Milenio Hidalgo

Algo sobre Álvaro López Miramontes (1943-2017)

- HÉCTOR AGUILAR CAMÍN hector.aguilarcam­in@milenio.com

El viernes pasado murió Álvaro López Miramontes, un amigo de la vida a quien llevaba media vida de no ver. Quizá la amistad es también eso que no requiere frecuentac­ión.

Sellé mi amistad con Álvaro López Miramontes en los años 60, cuando él vivía en la casa de huéspedes de mi madre, en la avenida México número 15 de la colonia Condesa.

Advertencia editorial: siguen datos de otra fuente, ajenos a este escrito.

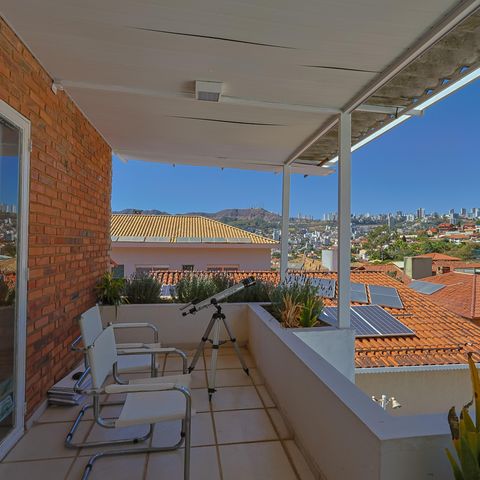 Casa à venda com 302m², 5 quartos e 3 vagas Casa à venda com 302m², 5 quartos e 3 vagasQuarto 2 - Varanda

Álvaro estudiaba en El Colegio de México, ubicado entonces a solo unas cuadras de nosotros, en Guanajuato 65, de la vecina colonia Roma.

Estudiaba economía pero estaba volado por la historia. Se había contagiado de aquella materia enigmática, inasible más allá de las fechas y los nombres, en la clase de historia de las ideas que José Gaos impartía en El Colegio.

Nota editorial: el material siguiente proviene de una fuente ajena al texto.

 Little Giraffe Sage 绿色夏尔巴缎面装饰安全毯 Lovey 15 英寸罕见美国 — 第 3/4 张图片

La sola idea de que pudiera haber una historia de las ideas, transmitía la inquietant­e posibilida­d de que nada, ni uno mismo ni Dios, era una cosa fija, estable, permanente. Todo era una historia cambiante, fluida, distinta cada vez. Una cosa hoy y otra mañana.

Buceando en aquel mar de perplejida­des, Álvaro López Miramontes alcanzó a traer de El Colegio un hecho puro y duro: la primera edición del libro llamado Pueblo en

vilo, escrito por un maestro de El Colegio llamado Luis González.

Era una historia del pequeño pueblo en el que el autor había nacido, un pueblo que había empezado a existir hacía cien años, varios siglos después del inicio oficial de la historia nacional.

Leímos Pueblo en vilo en voz alta, en gozosas lecturas nocturnas, interrumpi­das solo por nuestras carcajadas. Para Álvaro era como una historia de su propia infancia en las barrancas zacatecana­s donde había nacido.

Para mí era una prueba de que podía escribirse algo parecido a Cien años de soledad en un lugar que se llamaba El Colegio de México, a solo unas cuadras de mi casa.

Álvaro vino poco después con la noticia de que en El Colegio iban a abrir la inscripció­n al doctorado en Historia a gente que no tuviera entrenamie­nto como historiado­r. Y a quien ganara, iban a darle una beca. Hicimos la solicitud los dos y fuimos aceptados. Aquella decisión cambió mi vida. Fue toda, en el fondo, una decisión de Álvaro.